A set that satisfies this condition is called a group. The operations of (1)-(4) can be multiplication or addition. Among them, multiplication is called multiplication group and addition is called addition group.
Example: {0} is the simplest addition group. Because 0+0=0, 0+(0+0)=(0+0)+0, 0+0=0+0=0, the reciprocal of 0 is still 0.
{1} is the simplest multiplication group, and it is easy to verify these conclusions.
Integer set z is an additive group.
Obviously, as long as a group has addition, there must be subtraction (that is, adding inverse elements). As long as there is multiplication, there is division. However, there is only one operation. In a group, there is no need for the existence of addition (or multiplication) commutative laws. For example, we can forcibly think that 2+3 and 3+2 are not equal, which is a bit like a point in the coordinate system. If the commutative law holds, it is called a commutative group.
There is also "module", which is a special commutative group. It is so different from a group that it must be studied separately, just like the difference between a parallelogram and a quadrilateral.
Concept 2: Ring
If a nonempty set R (the first letter of a ring) is both an addition group (with additive commutative law) and a multiplication, and the multiplication satisfies the associative law and the distributive law (but the multiplication does not necessarily have constants and inverses), then R is called a ring.

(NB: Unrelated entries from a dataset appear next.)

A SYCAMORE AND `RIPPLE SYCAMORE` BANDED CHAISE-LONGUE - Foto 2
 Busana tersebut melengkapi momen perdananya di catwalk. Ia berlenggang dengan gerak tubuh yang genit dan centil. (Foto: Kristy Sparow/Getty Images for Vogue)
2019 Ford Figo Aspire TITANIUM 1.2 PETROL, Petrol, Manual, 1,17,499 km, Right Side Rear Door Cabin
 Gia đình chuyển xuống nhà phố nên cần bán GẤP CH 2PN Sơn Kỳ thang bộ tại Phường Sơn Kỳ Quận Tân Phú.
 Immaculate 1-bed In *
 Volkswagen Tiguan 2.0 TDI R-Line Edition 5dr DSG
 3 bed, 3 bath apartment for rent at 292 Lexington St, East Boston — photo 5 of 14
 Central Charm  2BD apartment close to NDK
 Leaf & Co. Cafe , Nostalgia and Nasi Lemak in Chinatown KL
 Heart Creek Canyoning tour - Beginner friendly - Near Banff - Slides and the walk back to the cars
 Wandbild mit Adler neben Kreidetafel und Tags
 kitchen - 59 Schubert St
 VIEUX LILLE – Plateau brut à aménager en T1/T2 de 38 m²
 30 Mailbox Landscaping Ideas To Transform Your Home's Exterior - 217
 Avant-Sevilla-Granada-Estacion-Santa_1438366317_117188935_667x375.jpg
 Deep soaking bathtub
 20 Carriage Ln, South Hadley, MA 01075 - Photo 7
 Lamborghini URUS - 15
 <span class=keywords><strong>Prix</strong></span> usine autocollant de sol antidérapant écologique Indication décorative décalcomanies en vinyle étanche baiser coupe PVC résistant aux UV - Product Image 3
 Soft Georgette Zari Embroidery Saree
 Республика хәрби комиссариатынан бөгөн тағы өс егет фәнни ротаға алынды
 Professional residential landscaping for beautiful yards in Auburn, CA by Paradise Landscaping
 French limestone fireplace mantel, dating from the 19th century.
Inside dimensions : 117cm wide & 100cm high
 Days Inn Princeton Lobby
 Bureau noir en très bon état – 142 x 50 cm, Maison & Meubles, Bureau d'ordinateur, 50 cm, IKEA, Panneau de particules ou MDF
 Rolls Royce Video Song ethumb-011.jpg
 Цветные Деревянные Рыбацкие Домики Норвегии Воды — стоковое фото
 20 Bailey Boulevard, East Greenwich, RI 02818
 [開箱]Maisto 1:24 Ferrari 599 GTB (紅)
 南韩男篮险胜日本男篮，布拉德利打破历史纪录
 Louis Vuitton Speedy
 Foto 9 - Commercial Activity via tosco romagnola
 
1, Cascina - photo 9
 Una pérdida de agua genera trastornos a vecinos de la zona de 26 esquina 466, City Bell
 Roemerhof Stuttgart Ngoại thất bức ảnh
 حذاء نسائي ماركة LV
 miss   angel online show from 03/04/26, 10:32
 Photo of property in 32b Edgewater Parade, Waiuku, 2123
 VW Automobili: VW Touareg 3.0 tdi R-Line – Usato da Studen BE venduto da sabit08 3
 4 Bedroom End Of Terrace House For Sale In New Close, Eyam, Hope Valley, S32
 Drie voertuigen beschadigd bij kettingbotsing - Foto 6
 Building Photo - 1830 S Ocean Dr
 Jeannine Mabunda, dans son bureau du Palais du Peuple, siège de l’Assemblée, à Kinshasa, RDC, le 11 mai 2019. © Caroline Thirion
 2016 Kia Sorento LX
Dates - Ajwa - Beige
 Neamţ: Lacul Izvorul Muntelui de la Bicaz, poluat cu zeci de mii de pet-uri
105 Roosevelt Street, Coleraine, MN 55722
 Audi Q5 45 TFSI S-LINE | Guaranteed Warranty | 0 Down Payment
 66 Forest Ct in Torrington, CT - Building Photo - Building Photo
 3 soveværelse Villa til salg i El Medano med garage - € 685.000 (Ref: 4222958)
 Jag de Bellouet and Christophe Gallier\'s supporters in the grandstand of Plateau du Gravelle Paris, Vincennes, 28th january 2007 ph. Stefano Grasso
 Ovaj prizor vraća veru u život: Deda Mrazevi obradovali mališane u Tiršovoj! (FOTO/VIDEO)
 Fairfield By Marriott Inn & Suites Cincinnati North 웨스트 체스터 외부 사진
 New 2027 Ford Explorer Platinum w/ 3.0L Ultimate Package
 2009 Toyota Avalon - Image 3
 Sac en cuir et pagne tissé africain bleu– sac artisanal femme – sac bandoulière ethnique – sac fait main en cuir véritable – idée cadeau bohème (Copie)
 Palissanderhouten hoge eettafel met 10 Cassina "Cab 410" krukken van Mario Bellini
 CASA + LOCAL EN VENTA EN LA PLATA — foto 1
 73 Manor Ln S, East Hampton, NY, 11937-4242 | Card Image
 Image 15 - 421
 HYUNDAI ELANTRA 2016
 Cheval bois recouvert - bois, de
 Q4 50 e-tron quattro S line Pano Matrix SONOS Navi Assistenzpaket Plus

There are addition, subtraction, multiplication and division in the ring, but division has not been defined.
For example, the simplest ring is {0}. The integer set z is a ring. All even numbers are rings.
Because a ring defines two sets of operations, it is neither an addition ring nor a multiplication ring.
Addition in a ring requires commutative law. If the multiplicative commutative law holds, it is called commutative ring. Otherwise it is called a non-commutative ring.
Concept 3: Domain
Simply put, a field is a set of additive commutative groups and multiplicative commutative groups. Addition and multiplication are related by the law of distribution. Generally speaking, when a set is a domain, write this set as F (the first letter of the domain).
Because it is an additive commutative group, there are addition and subtraction in the field, and 0 exists.
Because it is a multiplicative commutative group, there are multiplication and division in the domain, and there is 1.
In this way, the fields with 0 and 1 contain all rational numbers (all integers are generated by addition and then divided), just as we calculated above.
Domain is a perfect concept. Common domains include rational number set q (minimum domain! ), real number set r, complex number set c, etc. It is also called rational number field, real number field and complex number field in universities.
Incidentally, the sources of symbols such as rational number set Q, real number set R and complex number set C are also English initials. There are many similar signs in mathematics, such as set S (set). You can find out for yourself why they are all marked like this, which is very interesting.
The study of abstract algebra begins with groups, rings, modules and fields, but it is generally not studied except for students in mathematics department. "Algebra" in middle school is "replacing numbers with letters", commonly known as elementary algebra; In the university, it means "the nature of abstract axiomatic system", commonly known as modern algebra or abstract algebra.